* About this exercise
Where the line containing "杭州龙坞茶村旅游景点图片" appears in the entries below, begin there and output every line through the last, exactly, minus the pictures.

[Stored records]
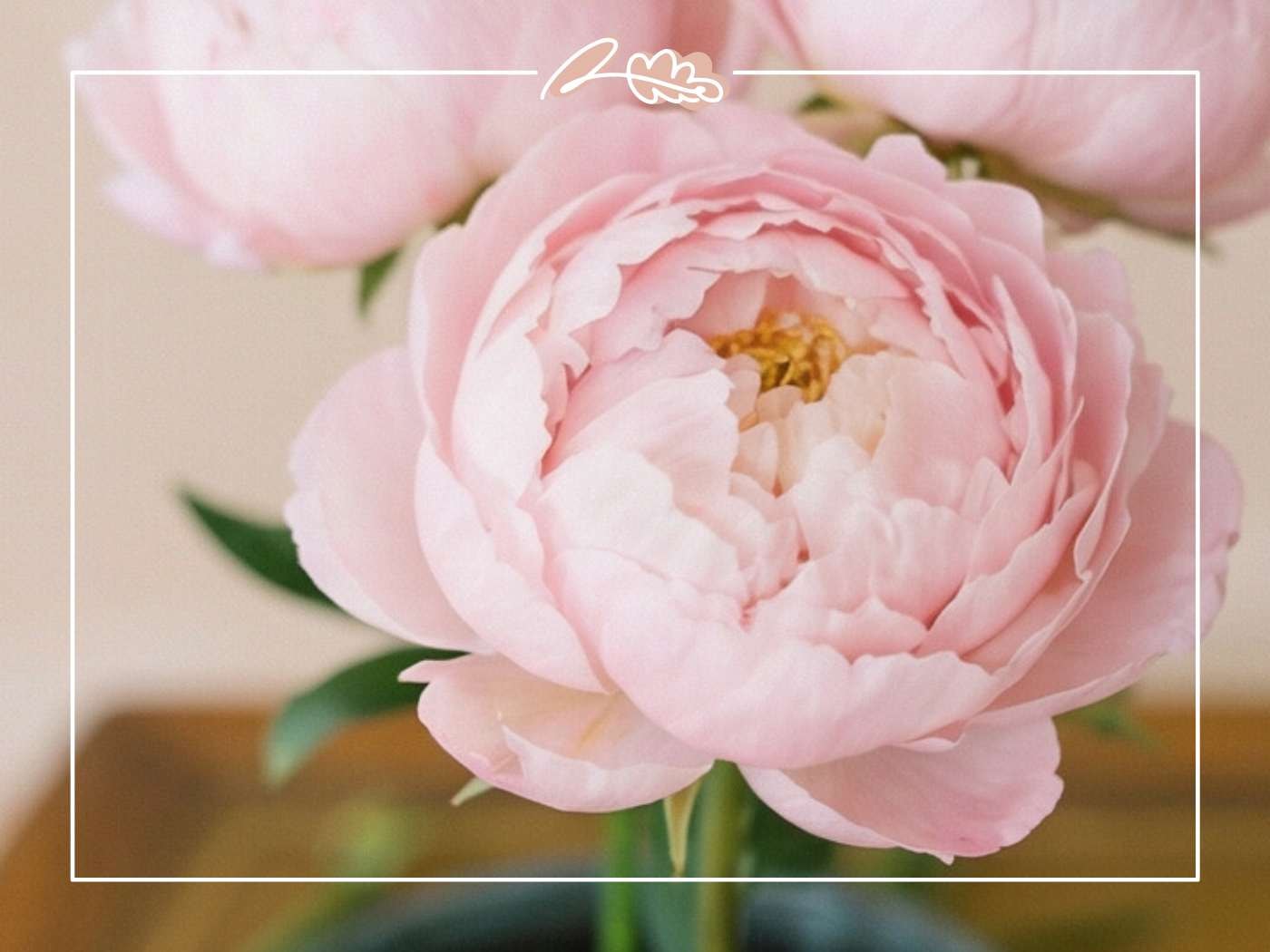 Macro close-up of a fully open pale pink peony showing delicate petal layers and golden centre | Pink Peony Detail | Fabulous Flowers & Gifts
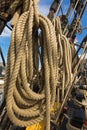 Rolled thick ropes on the old ship near wooden cleats Royalty Free Stock Photo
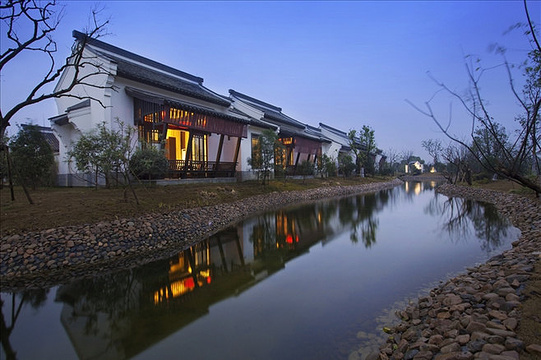 杭州龙坞茶村旅游景点图片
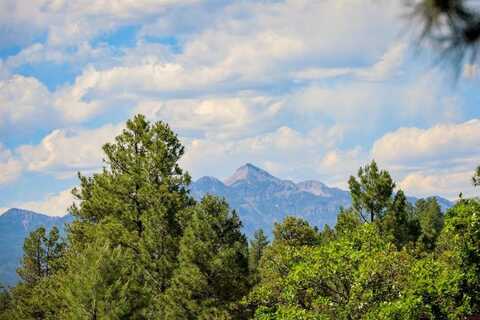 1343B Wheeler Place, Pagosa Springs, CO 81147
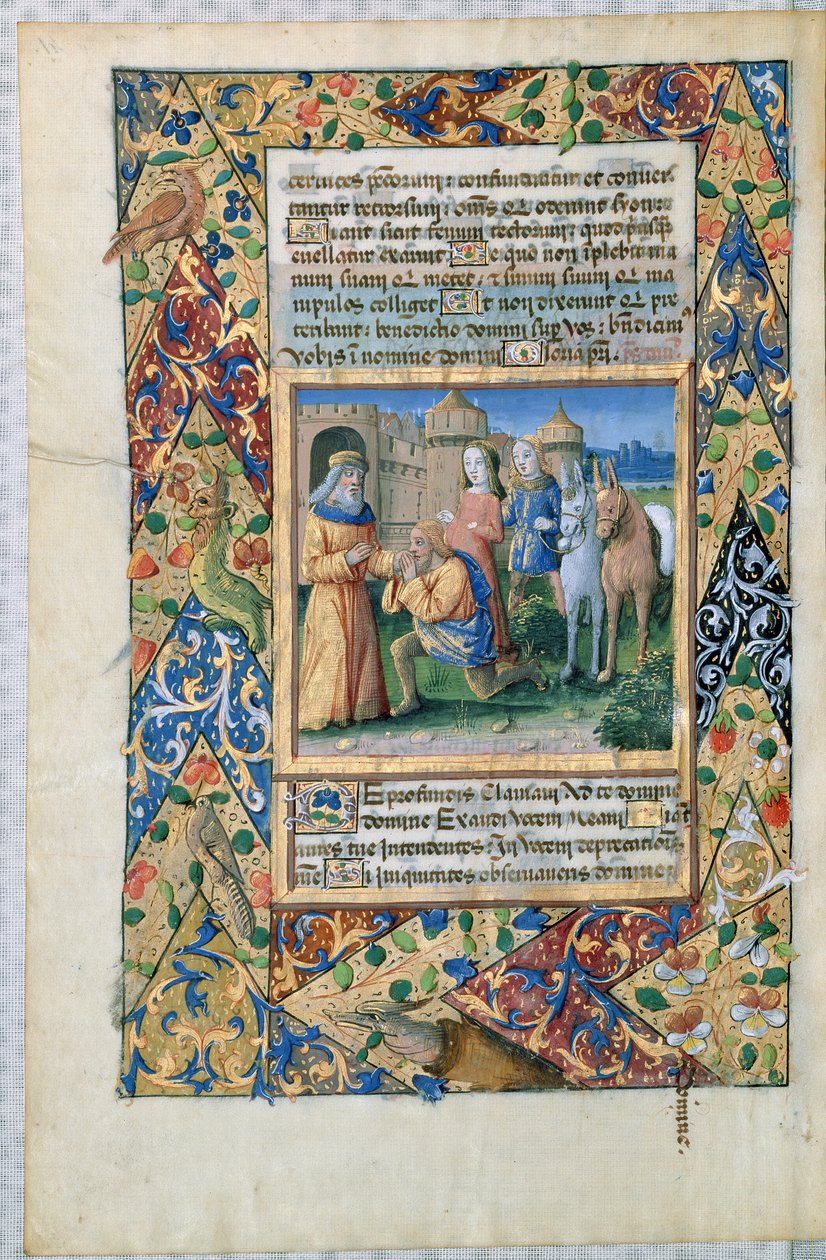 Ms Lat. Q.v.I.126 Scène uit de 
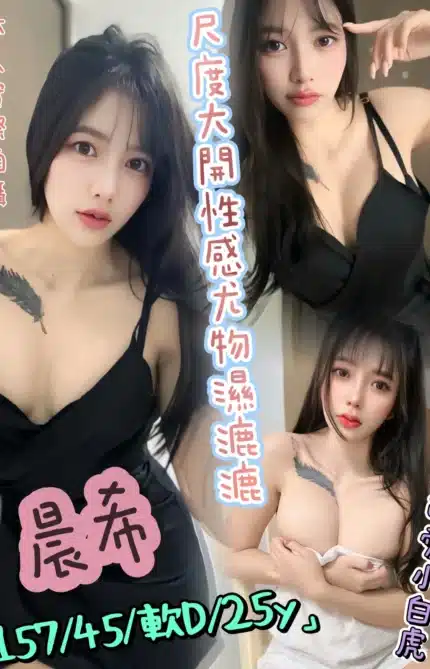 台北定點茶-晨希/157/45/25/D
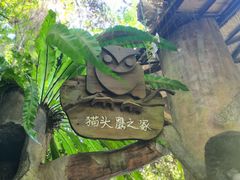 -青青世界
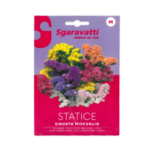 Statice Sinuata Miscuglio Flower Seeds
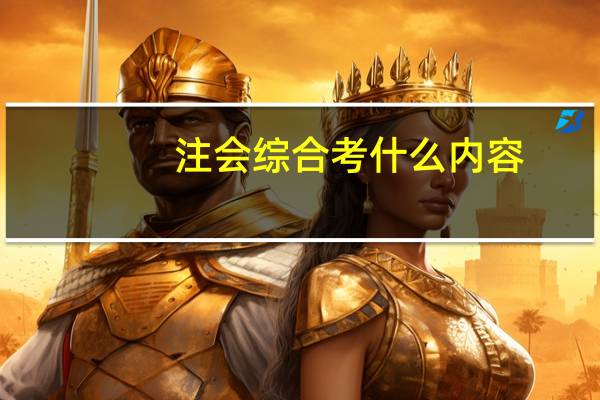 注会综合考什么内容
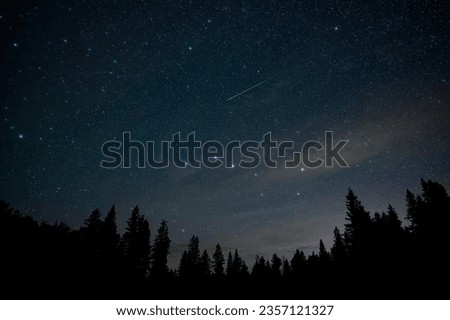 The night sky filled with stars including the Big Dipper and a bright green meteor above a skyline of dark evergreen trees. This was part of a meteor shower.  
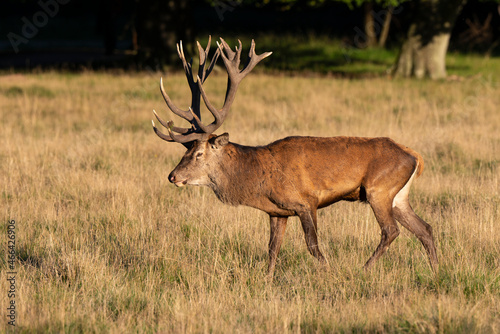 Cerf élaphe, biche, cerf, brame, cervus elaphus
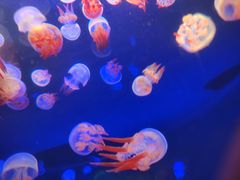 -福州罗源湾海洋世界旅游区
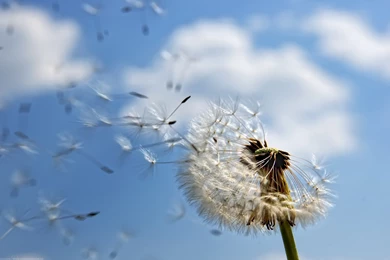 Download The Seeding Dandelion Wallpaper, Seeding Dandelion iPhone ...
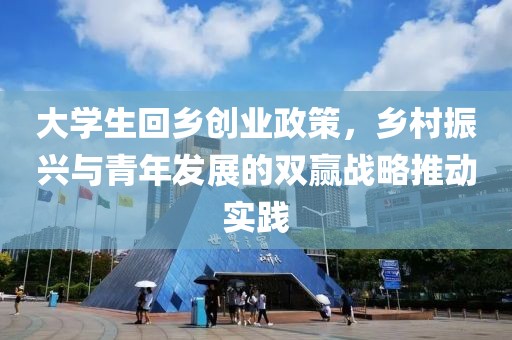 大学生回乡创业政策，乡村振兴与青年发展的双赢战略推动实践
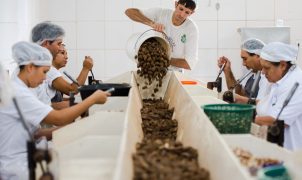 Consulta pública sobre bens sustentáveis no acordo Mercosul-UE termina na quarta-feira
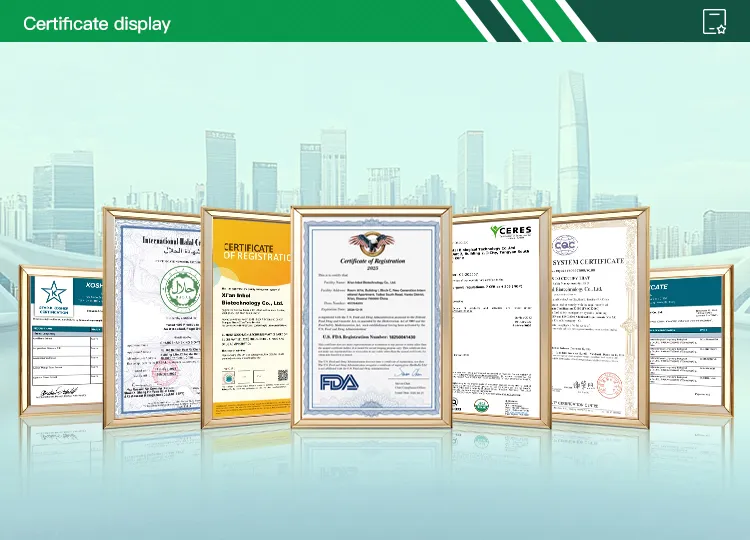 Certificaciones y Calidad 1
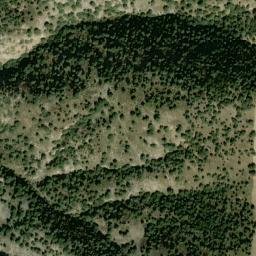Satellite imagery of survey_point, DZ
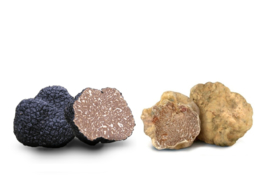 Tartufo Nero & Bianco Fresco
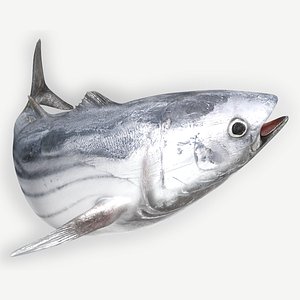 3D TUNA FISH Rigged  L1897 model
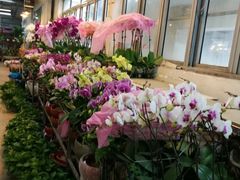 -双季花艺园艺市场(浦东店)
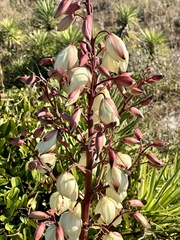 Yucca gloriosa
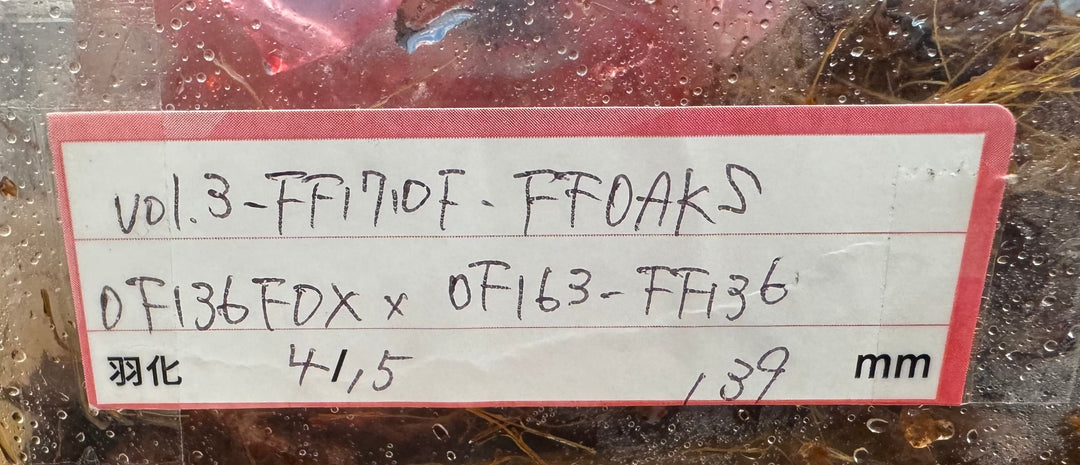 即ブリ《ヘラクレス・ヘラクレス 優良血統 139mm ペア》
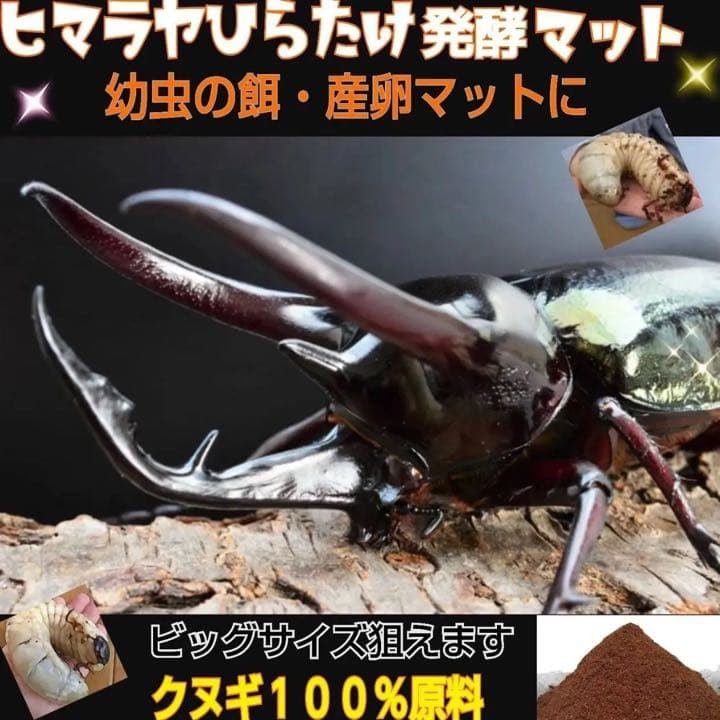 カブトムシ幼虫が大きく育ちます！ヒマラヤひらたけ発酵マット【8袋】栄養添加剤入り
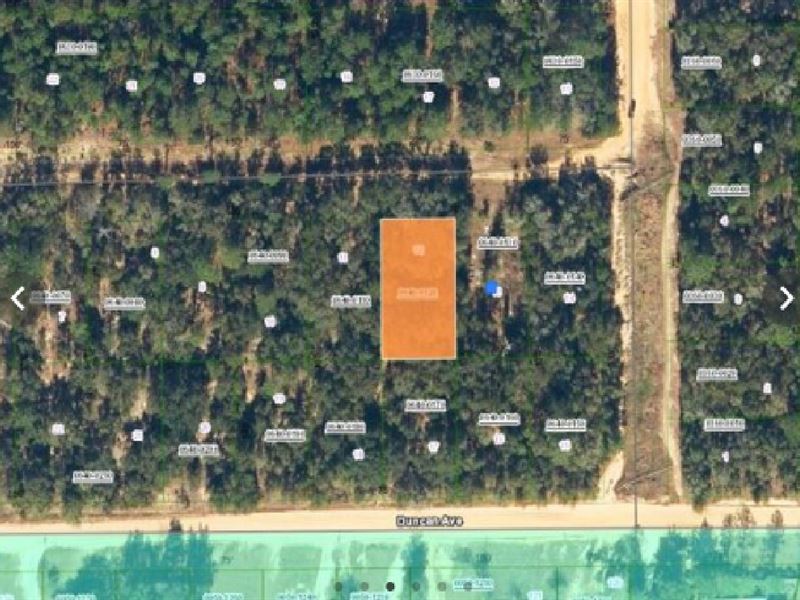 Peace, Freedom & Space $199 Down : Interlachen : Putnam County : Florida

* Task solution
 杭州龙坞茶村旅游景点图片
 1343B Wheeler Place, Pagosa Springs, CO 81147
 Ms Lat. Q.v.I.126 Scène uit de 
 台北定點茶-晨希/157/45/25/D
 -青青世界
 Statice Sinuata Miscuglio Flower Seeds
 注会综合考什么内容
 The night sky filled with stars including the Big Dipper and a bright green meteor above a skyline of dark evergreen trees. This was part of a meteor shower.  
 Cerf élaphe, biche, cerf, brame, cervus elaphus
 -福州罗源湾海洋世界旅游区
 Download The Seeding Dandelion Wallpaper, Seeding Dandelion iPhone ...
 大学生回乡创业政策，乡村振兴与青年发展的双赢战略推动实践
 Consulta pública sobre bens sustentáveis no acordo Mercosul-UE termina na quarta-feira
 Certificaciones y Calidad 1
Satellite imagery of survey_point, DZ
 Tartufo Nero & Bianco Fresco
 3D TUNA FISH Rigged  L1897 model
 -双季花艺园艺市场(浦东店)
 Yucca gloriosa
 即ブリ《ヘラクレス・ヘラクレス 優良血統 139mm ペア》
 カブトムシ幼虫が大きく育ちます！ヒマラヤひらたけ発酵マット【8袋】栄養添加剤入り
 Peace, Freedom & Space $199 Down : Interlachen : Putnam County : Florida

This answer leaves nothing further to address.